Das hilft der Psyche
Wie man Burnout im Job vermeidet - Sven Hannawald gibt Einblicke

20.07.2022 | Stand 15.09.2023, 4:20 Uhr
Gerd Otto
Aufklärung über Burnout mit (v.l.): Karin Germann-Bauer, Sven Hannwald und Gerhard Lindner −Foto: Timo Lex

Wie sehr psychische Erkrankungen in der unternehmerischen Wirklichkeit immer dominanter werden, und was gegen diesen Trend notwendig erscheint, darüber informierte die Direktion Regensburg-Neumarkt der AOK Bayern mit eindrucksvollen Details und einem Zeugen der besonderen Art.



Sven Hannawald, der 2002 als erster Skispringer in der Geschichte der Vierschanzentournee an allen vier Stationen siegreich war und zu einer weltweit bewunderten Sportlegende avancierte, gab einen sehr persönlichen Einblick in seine Burnout-Erkrankung − zu einer Zeit, als psychische Erkrankungen eher als Randerscheinung empfunden wurden. Heute rangiert diese Form bundesweit bereits auf Platz zwei der Ursachen für Arbeitsunfähigkeit.

„Arbeit strukturiert den Tag“

Zuvor hatte AOK-Direktor Gerhard Lindner darauf verwiesen, dass speziell die Digitalisierung die Arbeitsprozesse wesentlich verändert habe, in denen Smartphone und Laptop zwar neue Freiheiten bescherten. Gleichzeitig aber sei eine klare Trennung zwischen Privatleben und Beruf außerordentlich erschwert worden. Ein Abschalten werde aufgrund der permanenten Erreichbarkeit häufig kaum noch möglich, weshalb Sven Hannawald in seiner Funktion als AOK-Botschafter empfahl, etwa zwei X-Tage (digitale und telefonische Pausentage) pro Woche einzulegen.

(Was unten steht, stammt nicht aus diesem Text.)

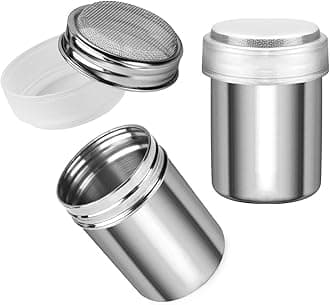 Accmor Stainless Steel Powder Shakers, Powder Shaker with Lid,Chocolate Shaker, Sifter for Sugar Pepper Powder Cocoa Flour, 2 Pcs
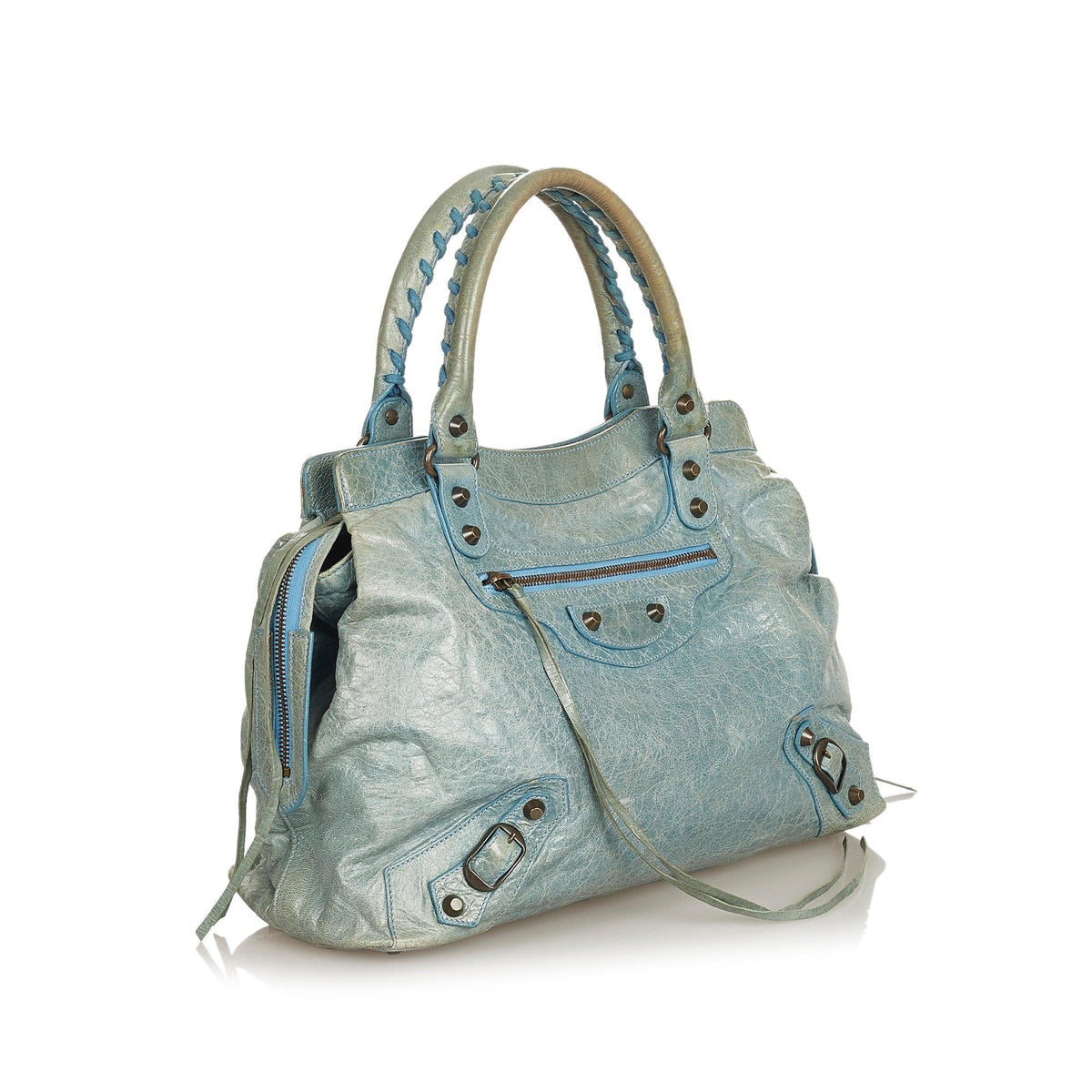 Luxury Balenciaga  Motocross Classic Step Leather Handbag (SHG-25897)
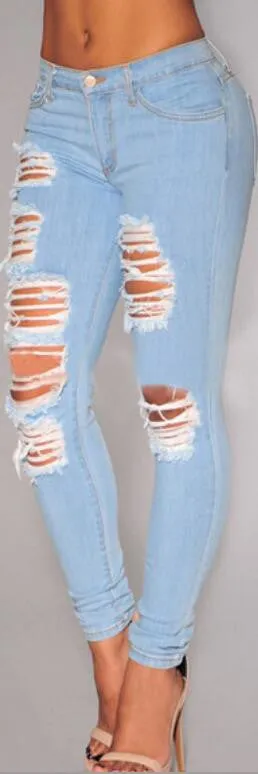Light Blue Ripped Holes Loose Long Denim Pants
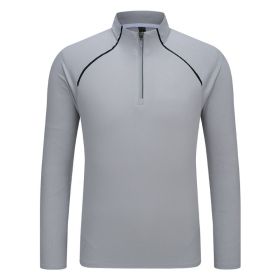 Outdoor Couple Loose Breathable Quick-drying Long-sleeved T-shirt (Option: Light Gray Men-XL)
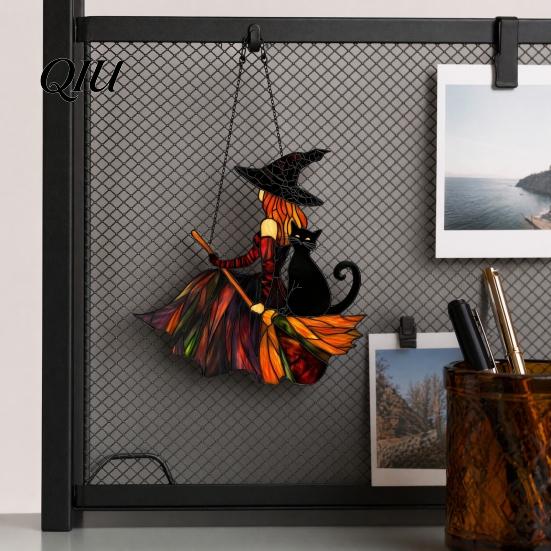 High Definition Printed Acrylic Vintage Halloween Cat Witch Decoration, Window Hanging Ornaments, Colorful Decoration Rustic Farmhouse Tree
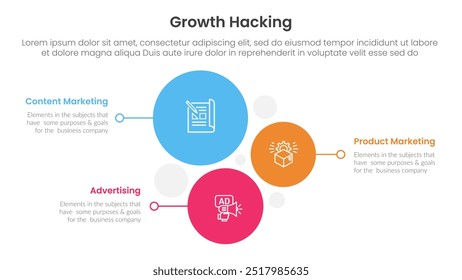 growth hacking infographic 3 point with vertical circle stack direction for slide presentation vector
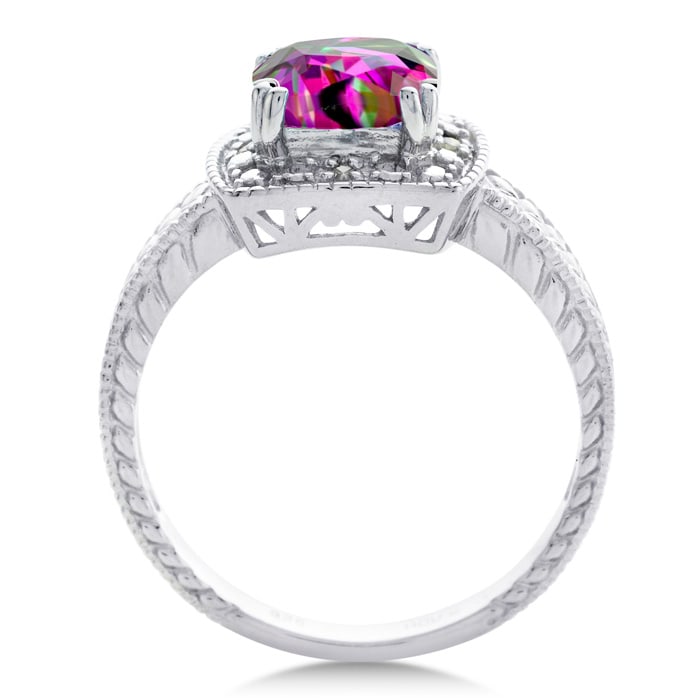 Mystic Topaz Ring: 1 1/4 Carat Cushion Cut Mystic Topaz and Halo Diamond Ring In Sterling Silver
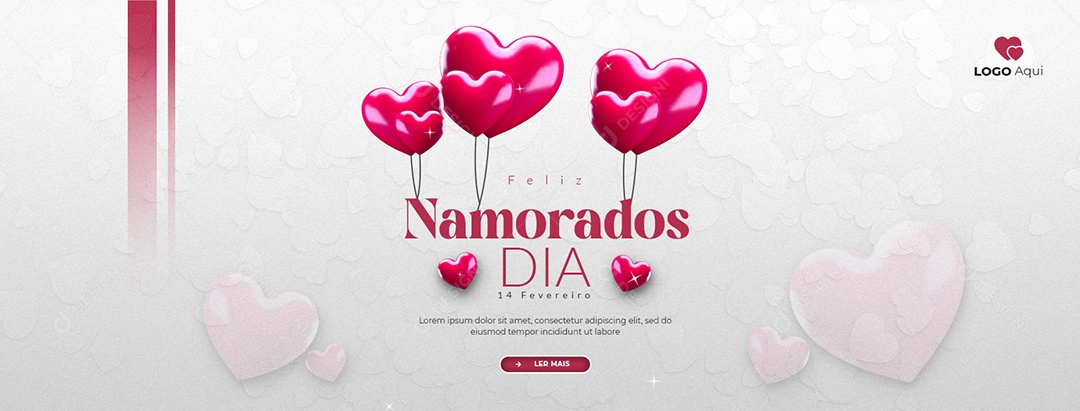 Social Media Banner Dia dos Namorados 14 De Fevereiro PSD Editável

Vor diesem Hintergrund zeigte sich Gerhard Lindner angetan, dass aus der Region Regensburg rund 90 Unternehmensvertreter an dem Dialog über das Betriebliche Gesundheitsmanagement (BGM) teilnahmen, zumal von der Verdichtung der Arbeitsprozesse und der ständig zunehmenden Anforderungen an die psychische Kraft der Menschen alle im Berufsleben betroffen seien, „unabhängig von Hierarchien.“

Fehlzeiten nehmen zu

Ein Blick auf den Fehlzeiten-Report 2021 der AOK Bayern zeigt, dass die aufgrund psychischer Erkrankungen erfolgten Fehlzeiten im Laufe des vergangenen Jahrzehnts um nicht weniger als 56 Prozent zugenommen haben. Im Raum Regensburg, darauf verwies Karin Germann-Bauer, die AOK-Koordinatorin für das betriebliche Gesundheitsmanagement, sei jeder Mitarbeiter 2021 im Durchschnitt rund 3,3 Tage wegen psychischer Ursachen arbeitsunfähig gewesen, in Bezug auf Muskel- und Skelett-Erkrankungen wurde ein Wert von 5,1 Tage ermittelt. Vor allem aber dauern psychische Krankheiten mehr als doppelt so lang als der Durchschnitt anderer Anlässe für Arbeitsunfähigkeit.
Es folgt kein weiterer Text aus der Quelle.